Operational execution: completed dosing of last five participants in Phase 1/2; Embolden initiation activities underway; HLH monitoring/treatment algorithm shared with the community and “no evidence of HLH/hyperinflammatory syndrome…at the 1E15 vg dose level” as of the press release date .
Strengthened liquidity: cash of $274.5M and runway into early 2028 following capital reallocation, supporting registrational activities and manufacturing scale-up .

What Went Wrong

Higher operating expenses: R&D rose to $19.4M (+23.6% YoY) driven by clinical trial costs and headcount; G&A increased to $6.7M (+26.4% YoY), reflecting stock-based comp and corporate expenses .
Net loss widened to $22.0M (vs. $18.5M in Q2 2024), reflecting increased spend ahead of registrational activities .
Regulatory timing nuance: FDA feedback discouraged a 6-month endpoint as potentially “not…clinically meaningful,” implying longer timeline to full approval anchored at 12 months, which may temper near-term expectations .

Financial Results

Core P&L and Liquidity (oldest → newest)

Metric ($USD Millions)	Q4 2024	Q1 2025	Q2 2025
Cash, Cash Equivalents & Marketable/Short-Term Investments	$312.4	$292.6	$274.5
R&D Expenses	$15.3	$17.8	$19.4
G&A Expenses	$6.2	$8.2	$6.7
Net Loss	$19.5	$22.6	$22.0

Q2 2025 YoY Comparisons

Metric ($USD Millions)	Q2 2024	Q2 2025	YoY Change
R&D Expenses	$15.7	$19.4	+$3.7 (+23.6%)
G&A Expenses	$5.3	$6.7	+$1.4 (+26.4%)
Net Loss	$18.5	$22.0	+$3.5 (+18.9%)

Revenue, EPS, Margins and Estimates (disclosure context)

Metric	Q4 2024	Q1 2025	Q2 2025	Wall Street Consensus (Q2 2025)
Revenue ($USD)	Not disclosed in press release	Not disclosed in press release	Not disclosed in press release	Unavailable*
Diluted EPS ($USD)	Not disclosed in press release	Not disclosed in press release	Not disclosed in press release	Unavailable*
Net Income Margin (%)	N/M (no revenue disclosed)	N/M (no revenue disclosed)	N/M (no revenue disclosed)	Unavailable*

Notes: N/M = Not meaningful. EPS/revenue consensus unavailable*.
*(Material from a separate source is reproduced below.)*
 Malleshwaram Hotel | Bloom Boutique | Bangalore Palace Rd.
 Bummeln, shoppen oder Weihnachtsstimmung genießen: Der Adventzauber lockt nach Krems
Program KPIs (clinical operations)

KPI	Q4 2024	Q1 2025	Q2 2025
NGN-401 Phase 1/2 dosing status	Pediatric cohort interim data shared; protocol set to 1E15 vg for future participants	Enrolling additional participants; expanded older cohort (11+ years, n=3)	Completed dosing last five Phase 1/2 participants; Embolden initiation underway
Safety (HLH at 1E15 vg)	1E15 vg generally well-tolerated in interim updates	HLH algorithm discussed at ASGCT; monitoring emphasized	No evidence of HLH/hyperinflammatory syndrome at 1E15 vg
Cash runway guidance	Into 2H:27	Into 2H:27	Into early 2028

Guidance Changes

Metric	Period	Previous Guidance	Current Guidance	Change
Cash Runway	Multi-year	Runway into 2H:27	Runway into early 2028	Raised (extended)
Embolden Primary Endpoint	Trial endpoint	Considering 6-month vs. 12-month; registrational plan update forthcoming	12-month endpoint encouraged by FDA as basis for full approval; “6-month…may not be considered clinically meaningful”	Clarified (12-month analysis)
Embolden Sample Size	Registrational trial	Not previously specified	Proposed N=20; last planned Phase 1/2 participant to be dosed in Embolden	Finalized proposal
Trial Activities	2025	Provide registrational plan update 1H:25	Initiated Embolden activities; report updated Phase 1/2 data 2H:25	Initiated/maintained
Safety Monitoring (HLH)	Ongoing	HLH monitoring algorithm communicated at ASGCT	HLH algorithm embedded; no HLH evidence at 1E15 vg	Maintained/affirmed

Earnings Call Themes & Trends

No Q2 2025 earnings call transcript was found; themes are drawn from press release and corporate presentation .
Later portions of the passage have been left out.